# Holiday visa to mexico



## kingrulzuk (Jan 19, 2010)

Hiya all
im brittish and i would love to go to mixico for just 2 weeks holiday in sep 
can anyone please tell me what is the visa requirements to enter in to mexico just for a holiday?
and what is the cheap way to fly in to mexico from uk?
It will be good if you guys give me any tips or info

Thanks for your time


----------



## DNP (May 3, 2011)

Just one tip: When you enter Mexico, immigration will stamp your passport and the will also give you a copy of a form you will have filled out in advance, probably on the flight arriving in Mexico. Keep that piece of paper and present it, along with your passport, to the immigration authorities when you leave.

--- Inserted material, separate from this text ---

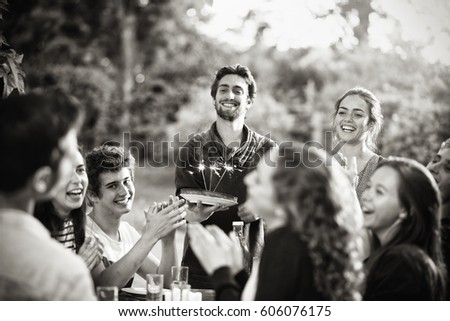 A group of young people gathered on a terrace to celebrate the birthday of one of their friends. A young man holding a cake with candles on it. Black and white picture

For airfares, I like kayak.com.


----------



## joaquinx (Jul 3, 2010)

DNP said:


> Just one tip: When you enter Mexico, immigration will stamp your passport and the will also give you a copy of a form you will have filled out in advance, probably on the flight arriving in Mexico. Keep that piece of paper and present it, along with your passport, to the immigration authorities when you leave.
> 
> For airfares, I like kayak.com.


Tourists from Europe do not have the visa fee included in the price of the airfare. After receiving the FMM (tourist visa), he will have to go to a bank and pay the fee on arrival or before departure.


----------



## kingrulzuk (Jan 19, 2010)

thanks for the tips

how much is it for the visa?


----------



## joaquinx (Jul 3, 2010)

Around 240 pesos


----------



## kingrulzuk (Jan 19, 2010)

thank you


----------



## EricRayMoss (May 19, 2011)

*UK- Mexico*



kingrulzuk said:


> Hiya all
> im brittish and i would love to go to mixico for just 2 weeks holiday in sep
> can anyone please tell me what is the visa requirements to enter in to mexico just for a holiday?
> and what is the cheap way to fly in to mexico from uk?
> ...


Coming to Mexico with just your passport is fine for up to 180 days. 2 weeks you will need no visa or documentation other than your passport and the address where you will be staying.


----------



## edenmayne (May 14, 2011)

[


I was mis informed then...at the Mexican border... I stayed 2 weeks and was told I had to have an FMM and paid the 240 pesos at the bank. I was told that the visa was good for 6 months and I could come and go in and out of Mexico without having to get another visa for the 6 months.. this was said to me by a guy who was the immigration officer at the border.... However once home 2 weeks later my fiance went to find out info on FMM, FM2 and 3 and was told I should have handed my visa in when I left Mexico and get another one when I came back..that is an FMM visa....


----------



## joaquinx (Jul 3, 2010)

Not every INM officer knows all the rules. You should have turned in the FMM at the border when you left, however, since you still have it you can use it to reenter the country as long as it hasn't expired. You can turn it in after your next visit. You can remain in the frontier area without a FMM (Baja California is different), but to go into the interior you need a FMM


----------



## gringotim (Jan 5, 2011)

kingrulzuk said:


> Hiya all
> im brittish and i would love to go to mixico for just 2 weeks holiday in sep
> can anyone please tell me what is the visa requirements to enter in to mexico just for a holiday?
> and what is the cheap way to fly in to mexico from uk?
> ...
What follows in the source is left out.